Why Is Concrete So Strong?

Concrete is one of the most used materials in the world, and has created some of the biggest and long lasting structures in the world. Concrete is so diverse in what it offers from pavements and roads to skyscrapers and bridges, and the strength of concrete very rarely fails. So, what makes concrete so reliable in strength?


The strength of concrete primarily comes from the production process of concrete. For both small or large aggregates, water and cement is made to join these together and a chemical reaction otherwise known as hydration causes the concrete to harden and the mixture gains maximum strength.

The Science Behind Strength

The science behind the strength of concrete is much more complex than mixing cement and water. Concrete is a composite material, which gains it’s strength when mixed with an aggregate and cement paste, hydration then allows the concrete to cure.

Tricalcium silicate compound is the most important element to concrete strength, releasing calcium ions, hydroxide ions and heat, this will speed up the reaction process.
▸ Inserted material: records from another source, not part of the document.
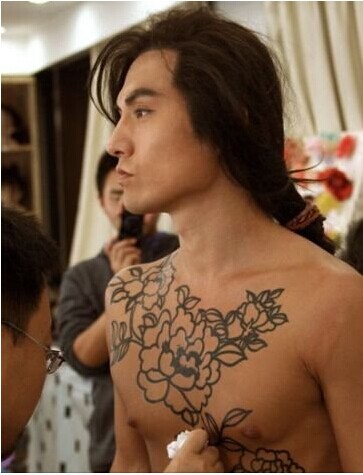 点击大图看下一张：长头发帅哥胸部牡丹花纹身图案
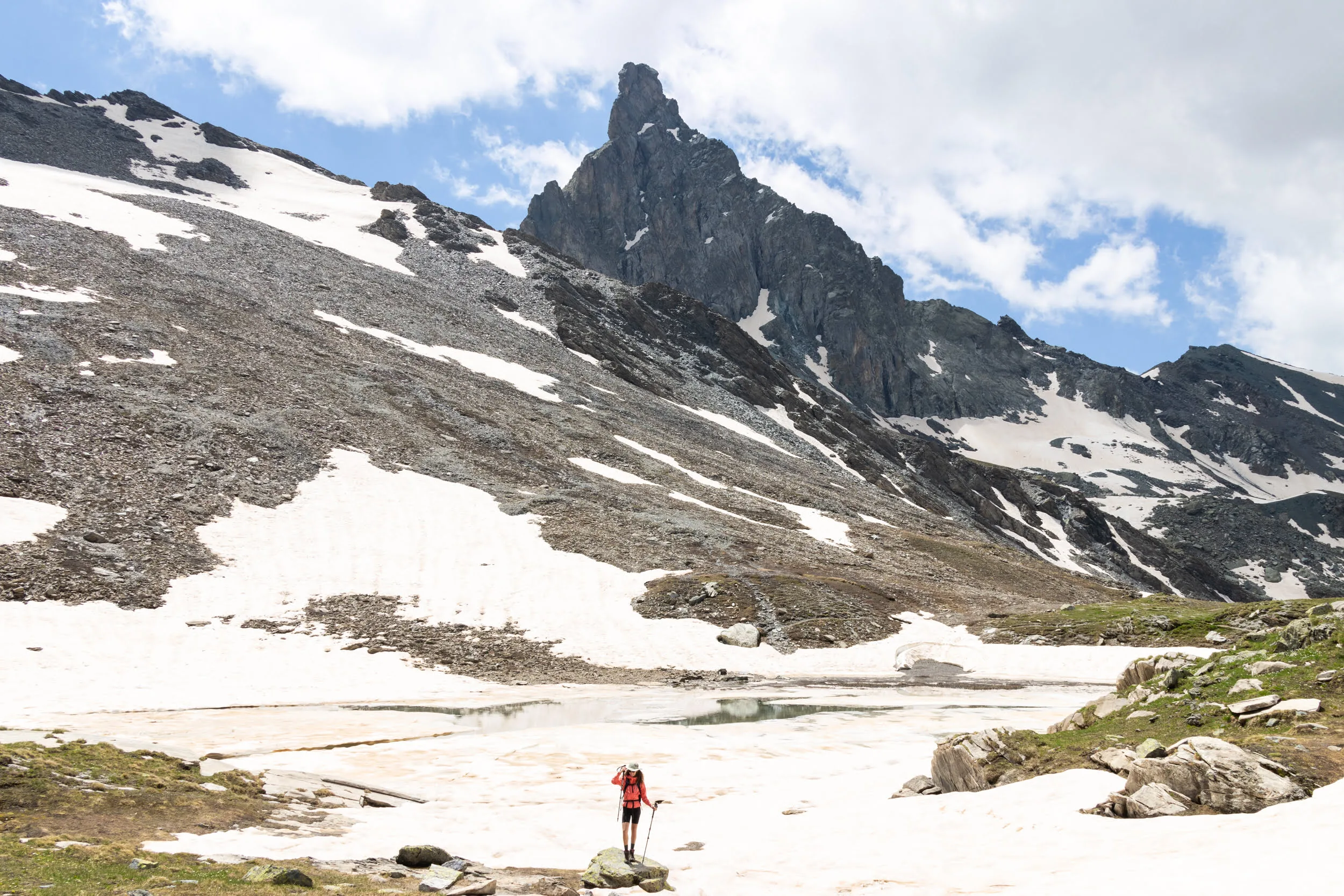 paysage de montagne au dégel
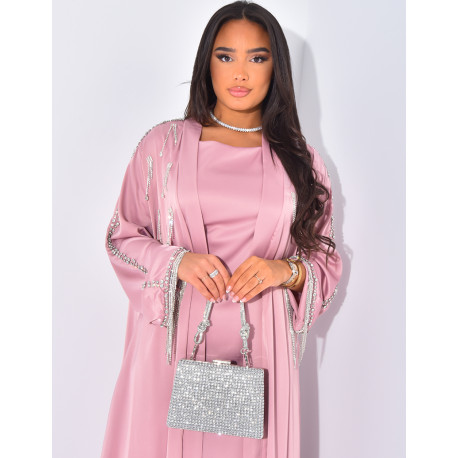 Premium-Set aus Kleid und Kimono mit handgenähten Strasssteinen.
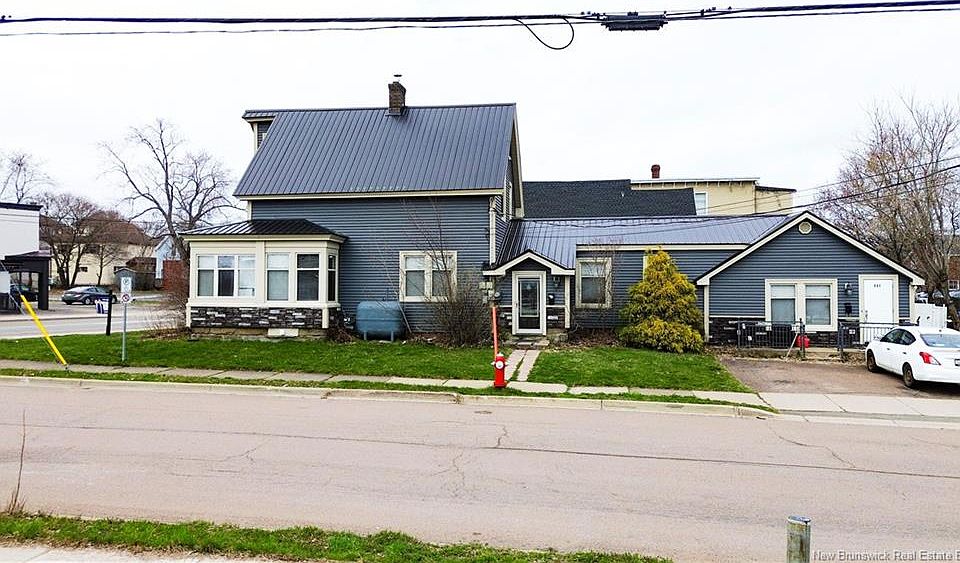 1st image of 203 Mountain Rd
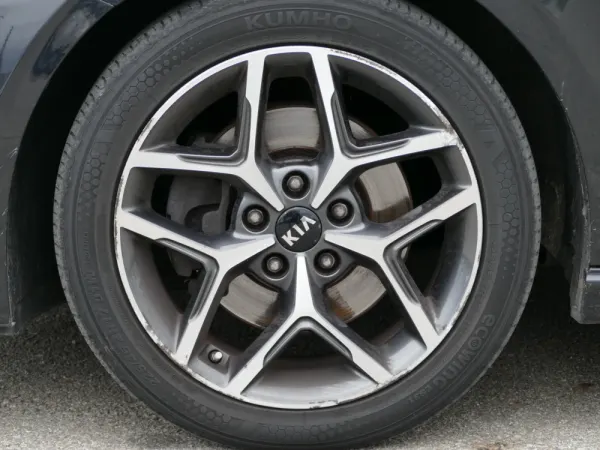 Kia Ceed 1.0 T-GDI GT Line 5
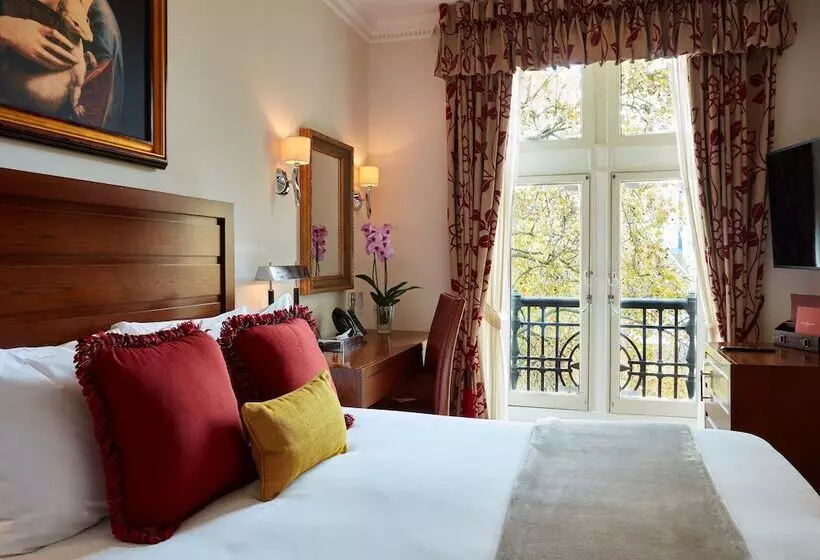 Deluxe Room Garden View, The Royal Horseguards Hotel, London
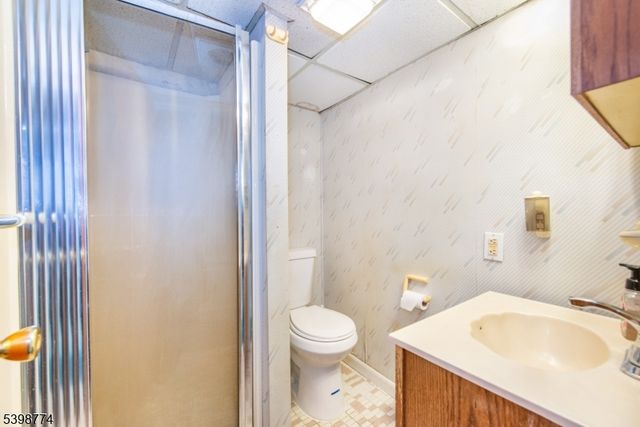 46 Frances St, Clifton City, NJ 07014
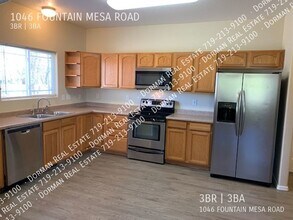 1046 Fountain Mesa Rd in Fountain, CO - Building Photo - Building Photo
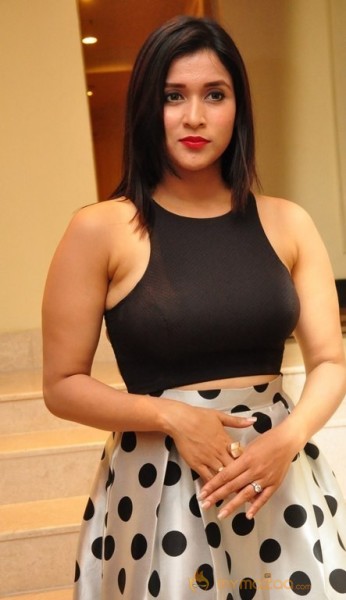 Mannara Chopra Latest Hot Tight Top Show Pics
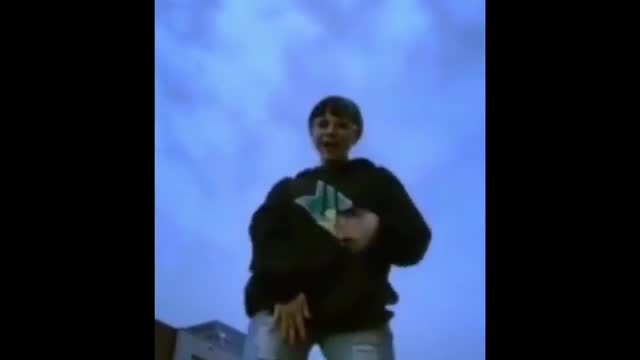Extraño suceso esfera de luz es captada en un tik tok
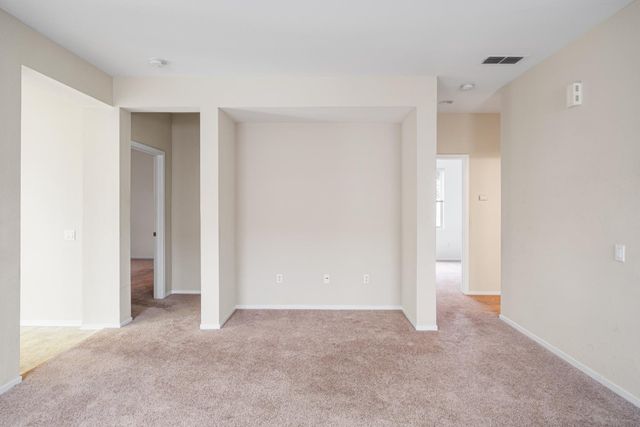 637 Geary Ln, Lincoln, CA 95648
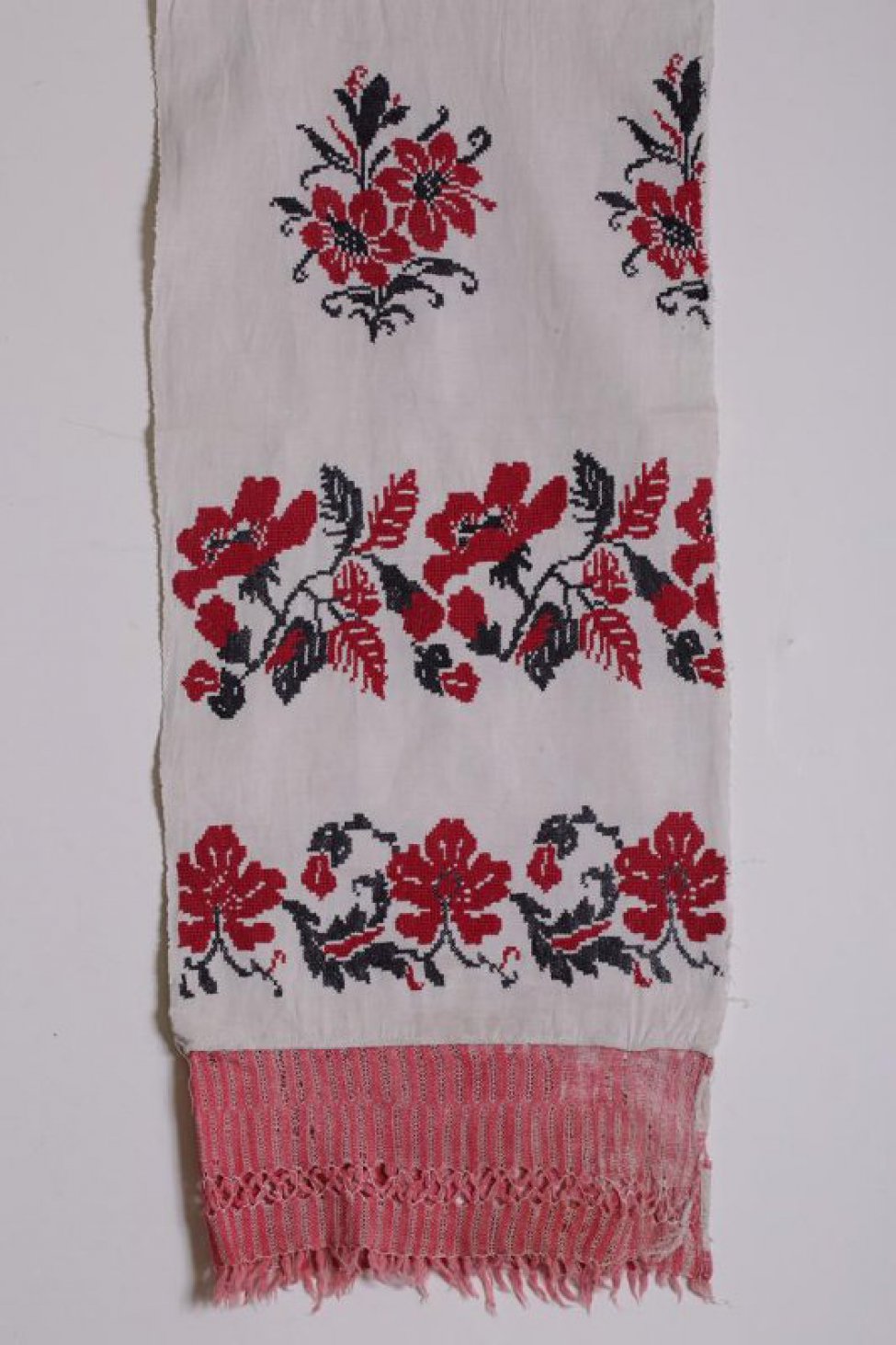 Цветочный орнамент, концы полотенца выполнены ажурным ткачеством с мережкой по краю.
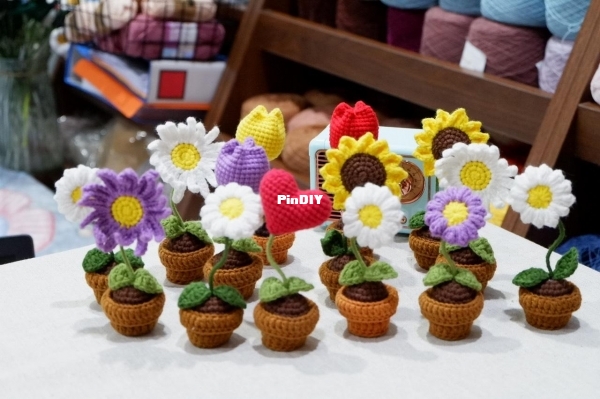 Sunny Princess Crochet - Mini Crochet flower Pot - Tulip, Daisy 1, Daisy 2, Sunflower, Heart - Engli ...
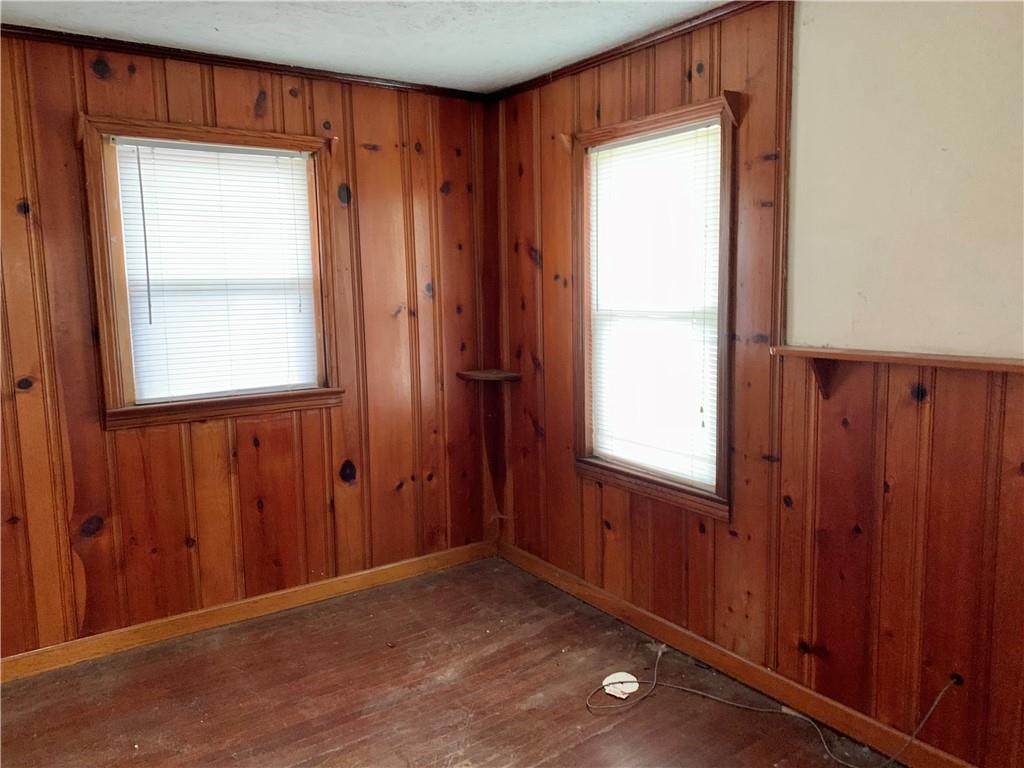 197 North Shortridge Road Indianapolis, IN 46219 - Photo 8 of 21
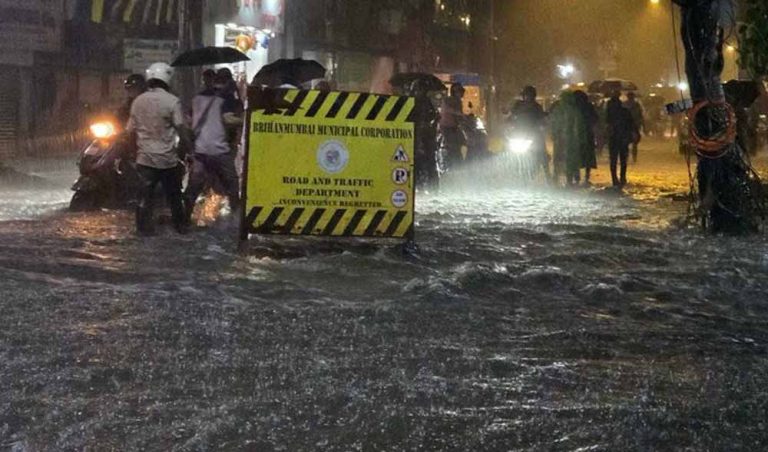 महाराष्ट्र के कई हिस्सों में भारी बारिश के चलते आठ लोगों की मौत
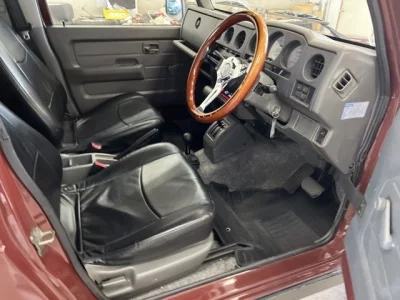 Suzuki JIMNY  с аукциона в Японии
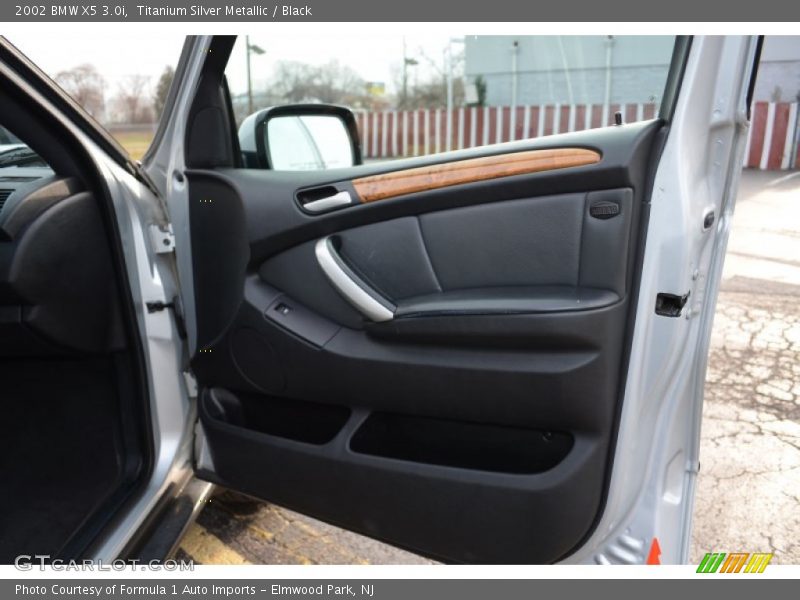 Titanium Silver Metallic / Black 2002 BMW X5 3.0i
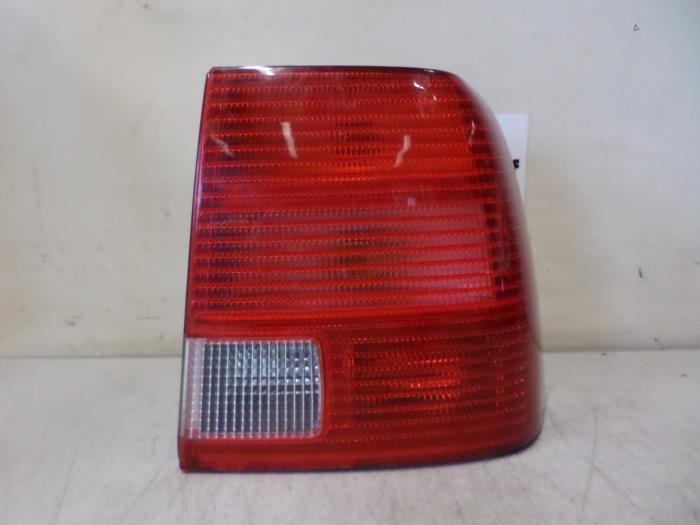 Achterlicht rechts van een Volkswagen Passat (Passat 96-), Gebruikt, -, Volkswagen, -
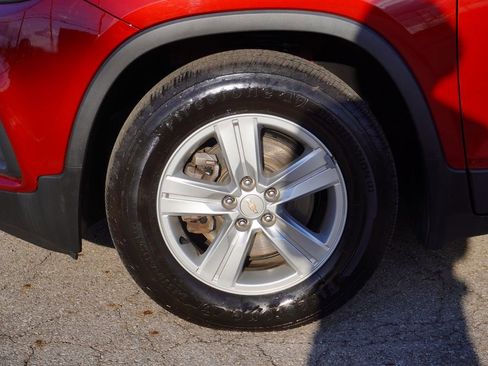 Used 2021 Chevrolet Trax LT w/ Driver Confidence Package image 10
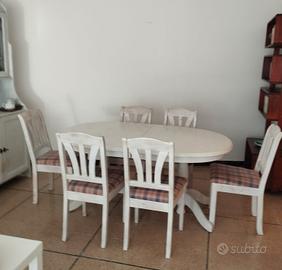 Tavolo in legno bianco con 6 sedie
When the material is saturated with calcium and hydroxide ions, calcium hydroxide begins to crystallise and calcium silicate hydrate forms.

Stronger Concrete

With the science of concrete being full proof, is there an opportunity to strengthen concrete and adapt on the already largely reliable concrete production process.

Higher strength concrete is easily achieved by adjusting the ratio of cement to water, as well as the quality of the aggregates too. Although using less water in your cement mixture will offer a much stronger concrete solution, it is important that you use enough water for the hydration process so that the mixture can saturate at a high level to achieve optimum strength and create a long lasting bond.